:: Problem to solve ::
Pictures in the data should be dropped; transcribe exactly the lines from the one that has "Racing Wheel Stand, Heavy-Duty" through the one that has "IBM Model P4".
==== Materials provided ====
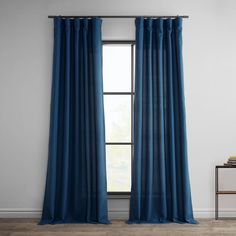 Deep Blue Dobby Linen Curtain - HalfPriceDrapes.com Moody Palette, Light Filtering Curtains, Velvet Room, Half Price Drapes, Linen Curtain, Linen Lights, Linen Collection, Blue Rooms, Velvet Curtains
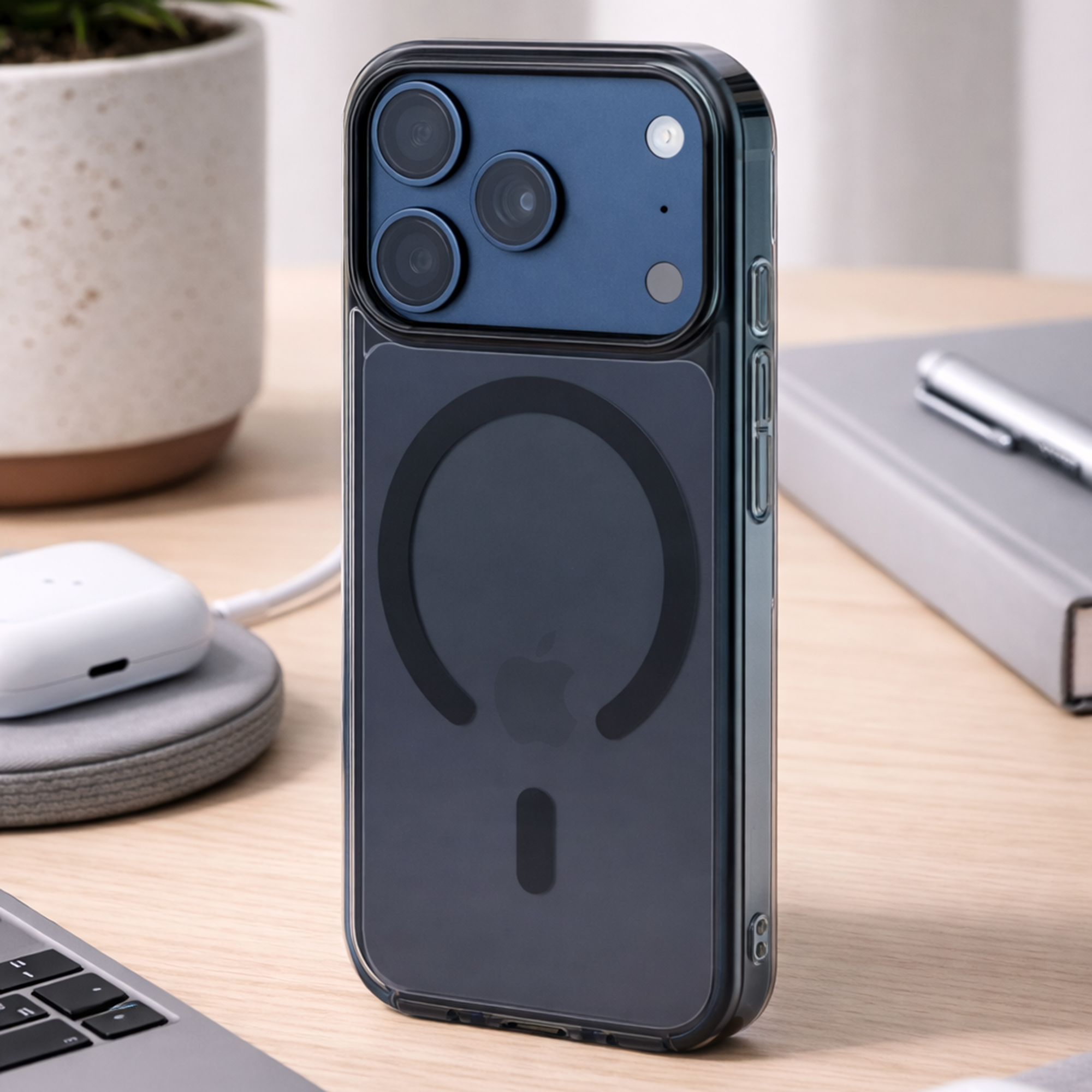 TEKNE Crystal Hybrid Case for iPhone 17 Pro-Clear Black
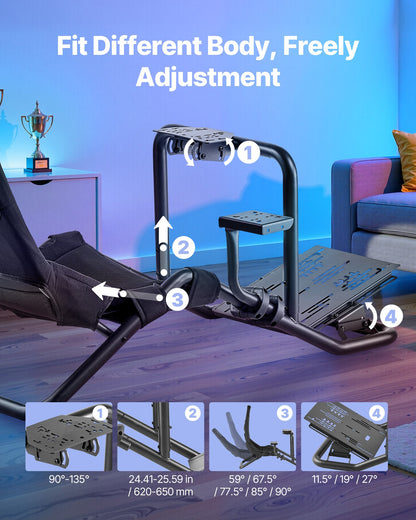 Racing Wheel Stand, Heavy-Duty Integrated Simulator Cockpit Steering Stand, Fit Logitech G25,G27,G29,G920,G923, Thrustmaster T300RS,TX F458,T500RS,T3PA-PRO (F1/GT) and CSR Pedals, Black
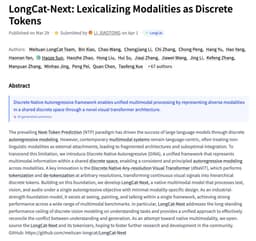 @_akhaliq: LongCat-Next

Lexicalizing Modalities as Discrete Tokens

paper: https://t.co/gKUZvc4KQ0 https://t.c...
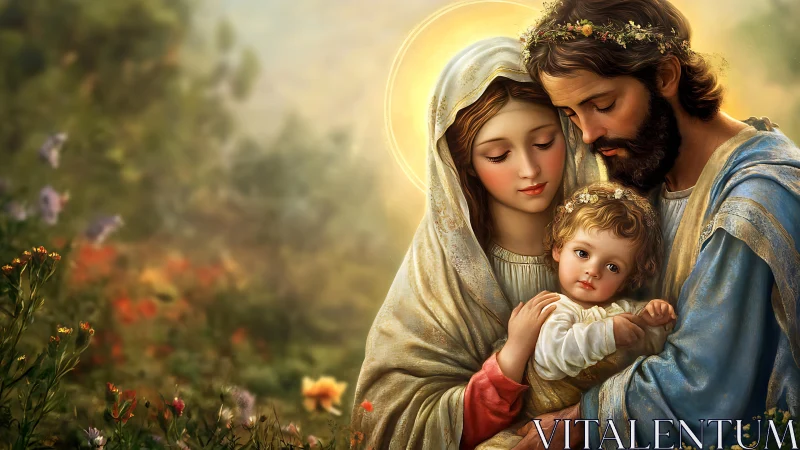 Holy family portrait glows softly in sunlit wildflower meadow
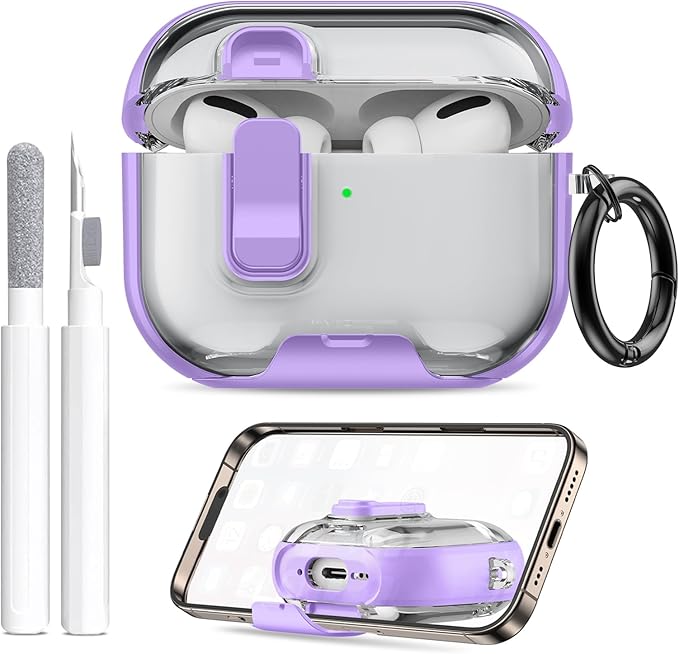 for AirPods Pro 3 Case (2025) with Phone Stand & Cleaner Kit, Cute Soft Silicone Cover for AirPods Pro 3rd Genera case with Keychain for Women Men with Keychain for Airpod Pro case(2025) Light Purple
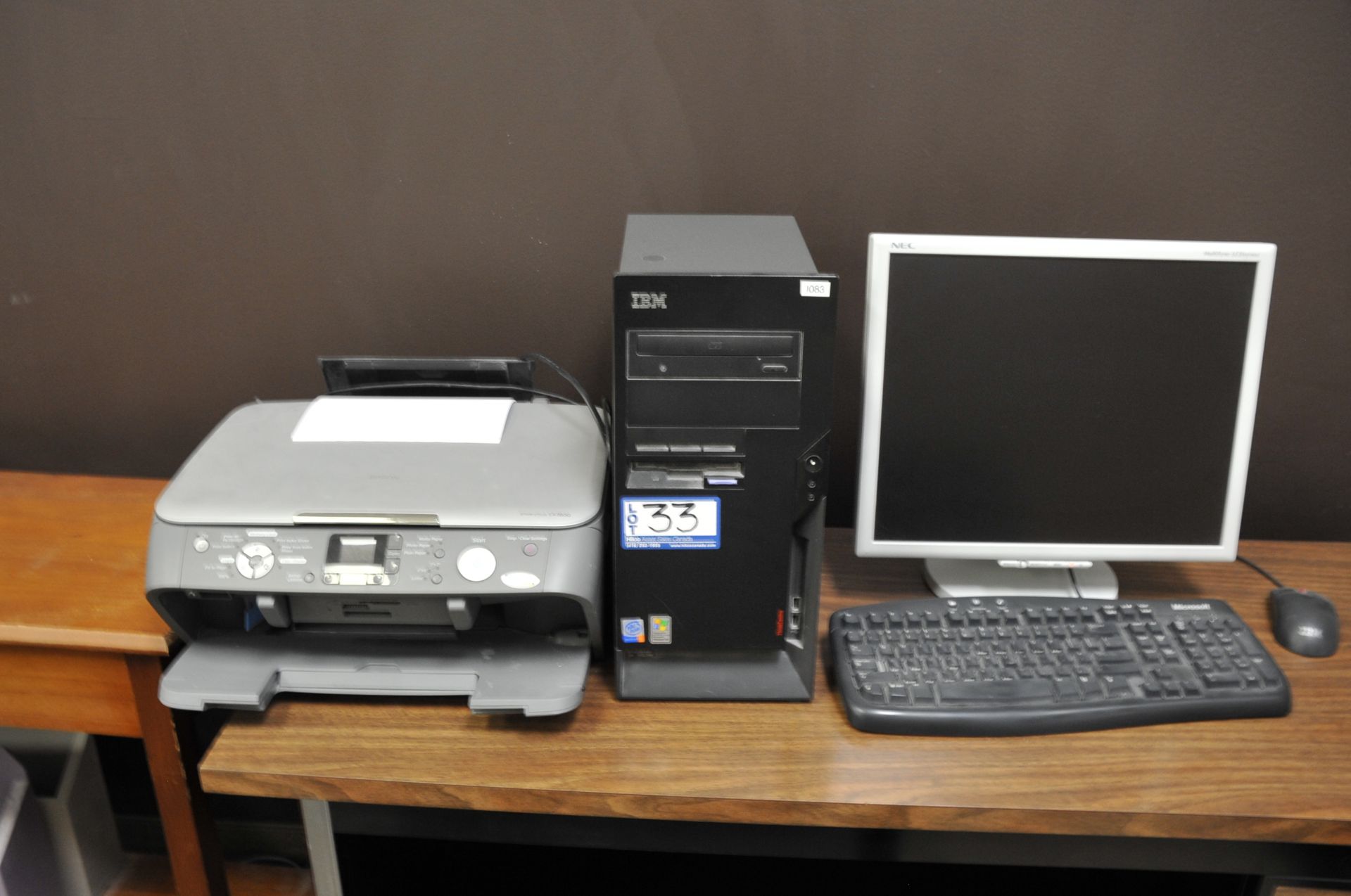 IBM Model P4 Computer; with LCD Monitor, Printer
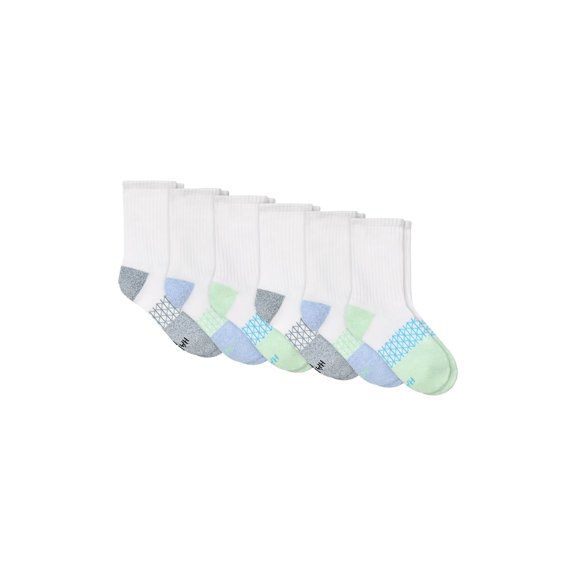 Hanes Absolute Active Girls' Crew Socks Pack, 6-Pack, Cushioned White/Green L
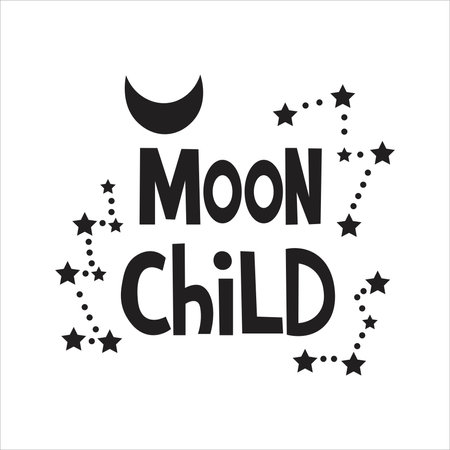 Celestial boho phrase with crescent for prints, tattoo. Black and white isolated vector illustrationのイラスト素材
====
:: Response to the exercise ::
 Racing Wheel Stand, Heavy-Duty Integrated Simulator Cockpit Steering Stand, Fit Logitech G25,G27,G29,G920,G923, Thrustmaster T300RS,TX F458,T500RS,T3PA-PRO (F1/GT) and CSR Pedals, Black
 @_akhaliq: LongCat-Next

Lexicalizing Modalities as Discrete Tokens

paper: https://t.co/gKUZvc4KQ0 https://t.c...
 Holy family portrait glows softly in sunlit wildflower meadow
 for AirPods Pro 3 Case (2025) with Phone Stand & Cleaner Kit, Cute Soft Silicone Cover for AirPods Pro 3rd Genera case with Keychain for Women Men with Keychain for Airpod Pro case(2025) Light Purple
 IBM Model P4 Computer; with LCD Monitor, Printer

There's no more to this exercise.